| PROBLEM |
Transcribe each entry exactly as it appears, leaving out any picture it holds.

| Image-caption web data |
------------------------------------------------------------------------

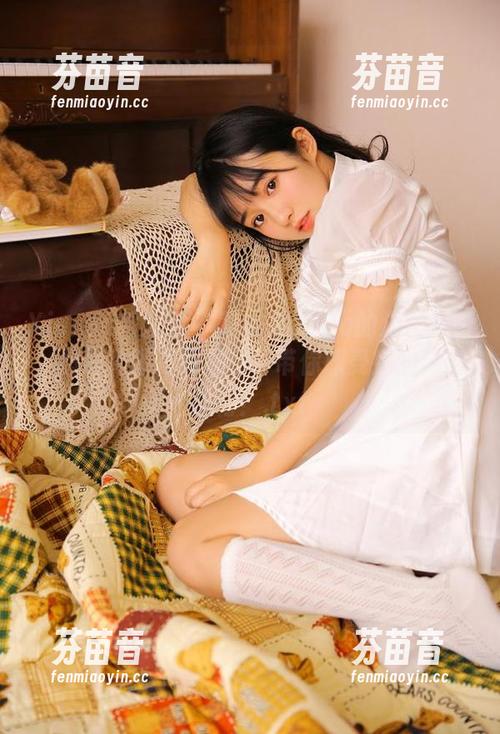 Xiuren秀人网 - 养乐多DoDo的海边探索，超赞套图资源来袭，带你感受她的独特风格！.txt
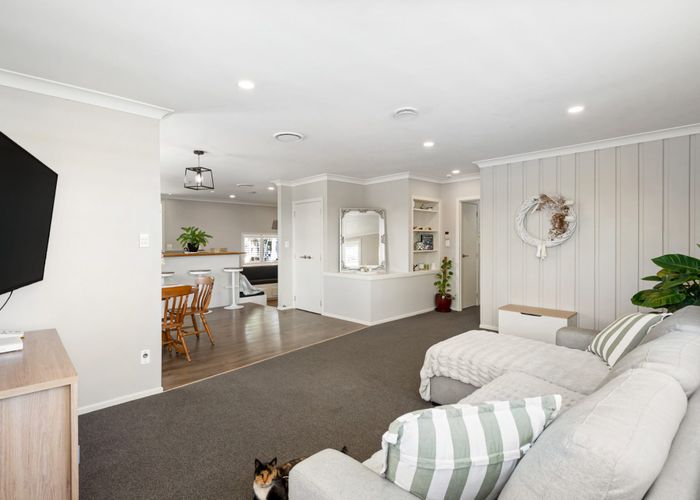  at 17 Utting Street, Birkdale, Auckland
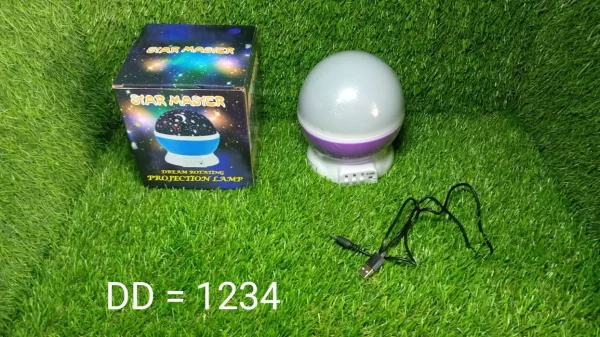 Colour Changing Star Projection Night Lamp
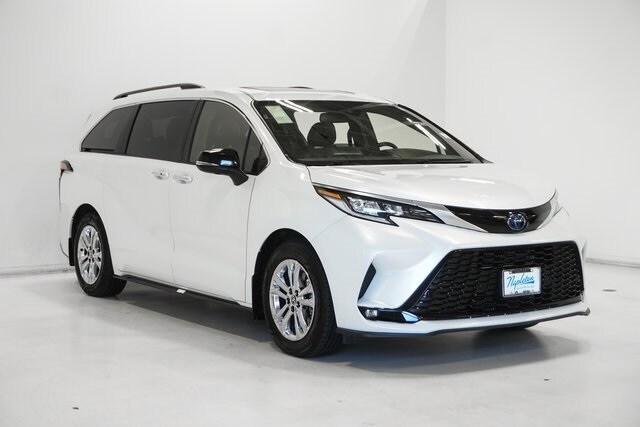 2023 Toyota Sienna XSE photo 4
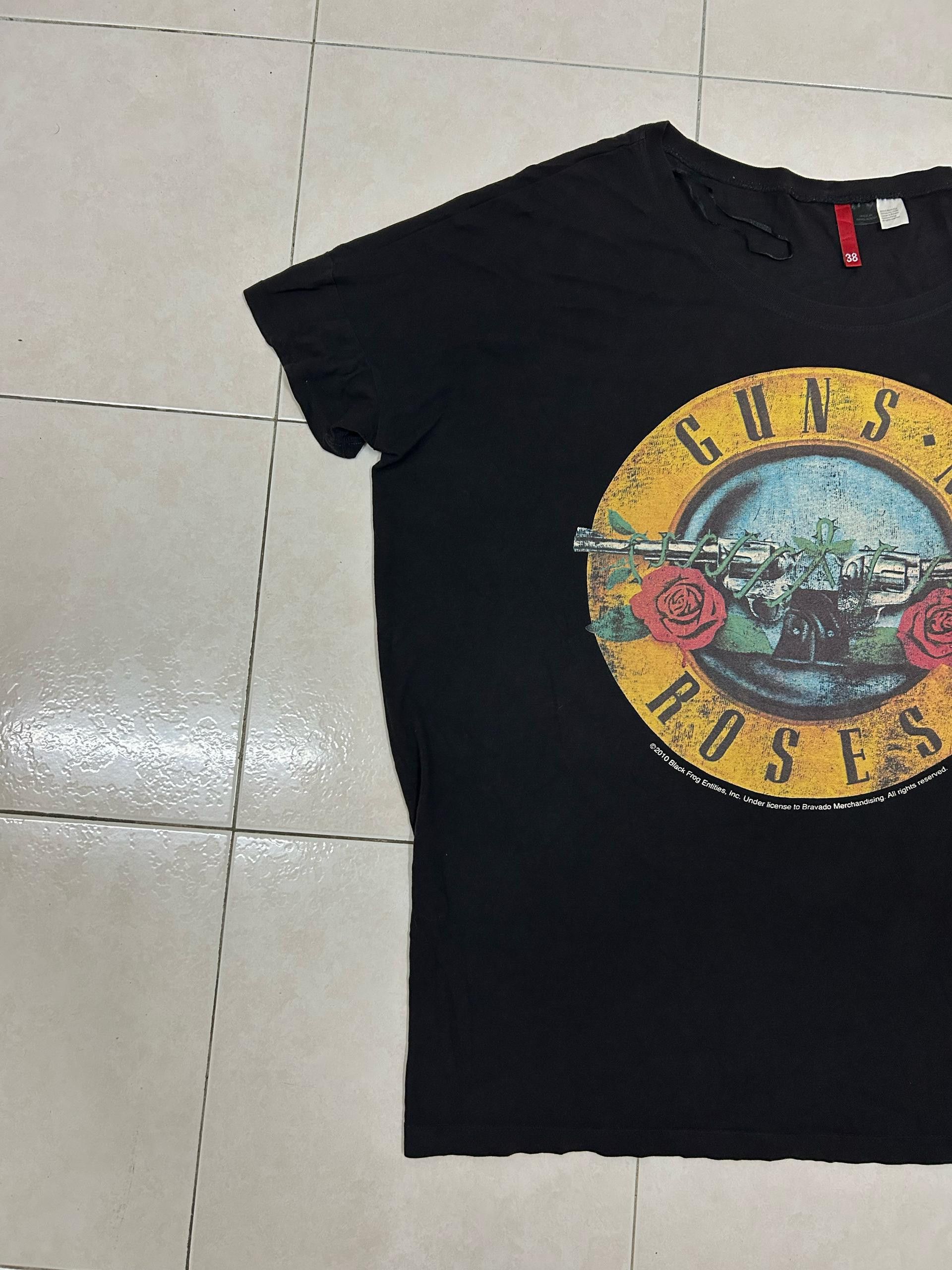 Band Tees Vintage BLACK FROG GUN N ROSES TEE Size US XL / EU 56 / 4 - 2 Thumbnail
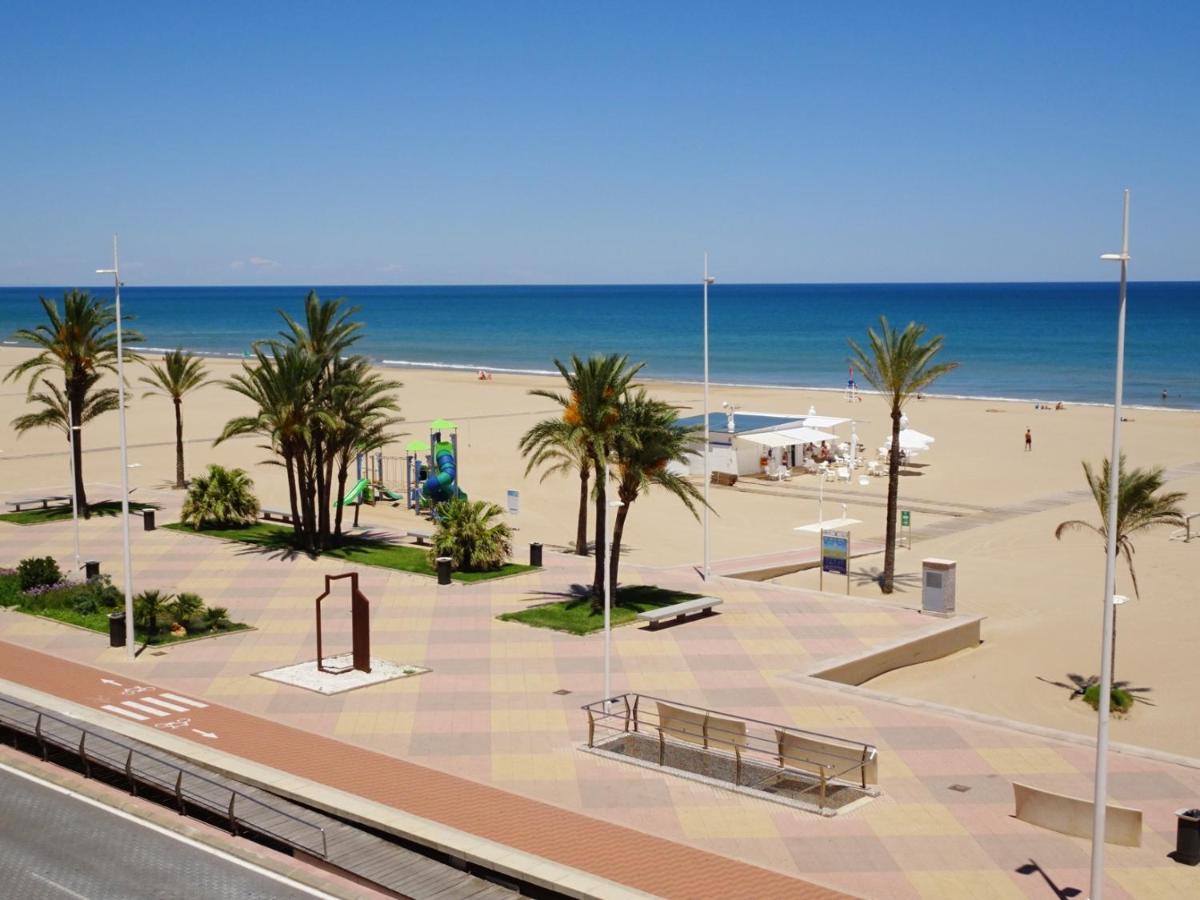 Neptuno 27 - Primera Linea De Playa Playa de Gandia エクステリア 写真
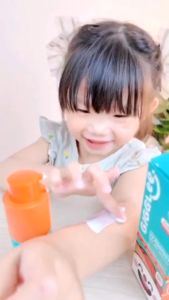 ครีมกันแดดเด็ก GigGlee Ultra Sheer Daily Physical UV Protect Sunscreen ป้องกัน UV แสงสีฟ้า ฝุ่นมลภาวะ SPF50+ PA++++ ขนาด 30 ML.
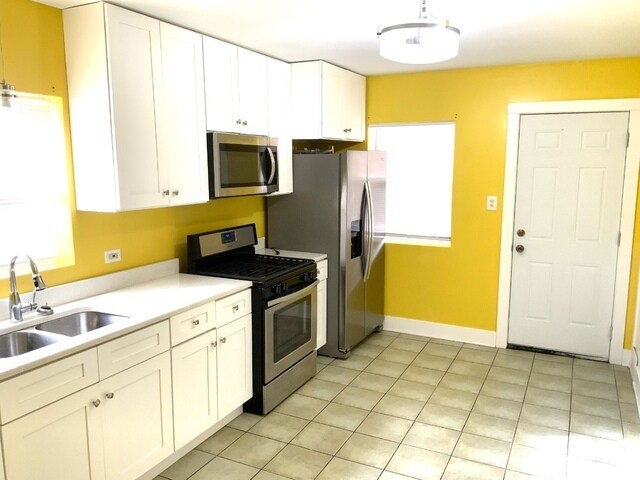 Primary Photo - 7338 S Rockwell St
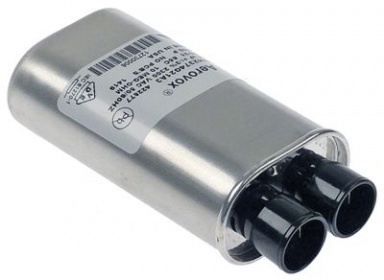 HV kondenzátor 0,74µF 2300V hliník přípojka Faston samec 6,3 mm V 32mm L 112mm W 52mm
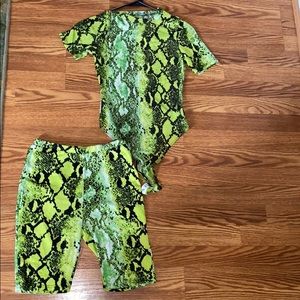 Two piece set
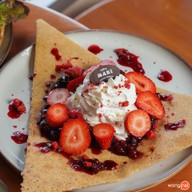 MARI CREPE AND COFFEE ROASTER Ekkamai 10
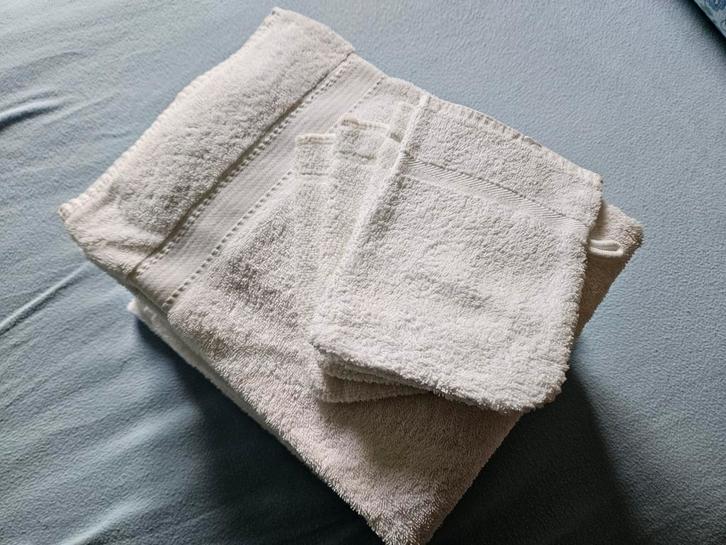 Badlakens met washandje, nieuw, Maison & Meubles, Salle de bain | Linge de bain & Accessoires, Neuf, Enlèvement ou Envoi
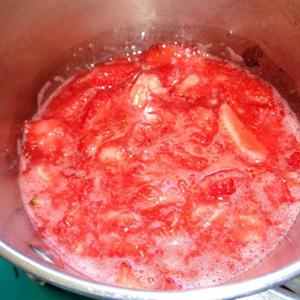 Cách làm mứt dâu tây tươi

------------------------------------------------------------------------

| PROBLEM SOLUTION |
 Xiuren秀人网 - 养乐多DoDo的海边探索，超赞套图资源来袭，带你感受她的独特风格！.txt
  at 17 Utting Street, Birkdale, Auckland
 Colour Changing Star Projection Night Lamp
 2023 Toyota Sienna XSE photo 4
 Band Tees Vintage BLACK FROG GUN N ROSES TEE Size US XL / EU 56 / 4 - 2 Thumbnail
 Neptuno 27 - Primera Linea De Playa Playa de Gandia エクステリア 写真
 ครีมกันแดดเด็ก GigGlee Ultra Sheer Daily Physical UV Protect Sunscreen ป้องกัน UV แสงสีฟ้า ฝุ่นมลภาวะ SPF50+ PA++++ ขนาด 30 ML.
 Primary Photo - 7338 S Rockwell St
 HV kondenzátor 0,74µF 2300V hliník přípojka Faston samec 6,3 mm V 32mm L 112mm W 52mm
 Two piece set
 MARI CREPE AND COFFEE ROASTER Ekkamai 10
 Badlakens met washandje, nieuw, Maison & Meubles, Salle de bain | Linge de bain & Accessoires, Neuf, Enlèvement ou Envoi
 Cách làm mứt dâu tây tươi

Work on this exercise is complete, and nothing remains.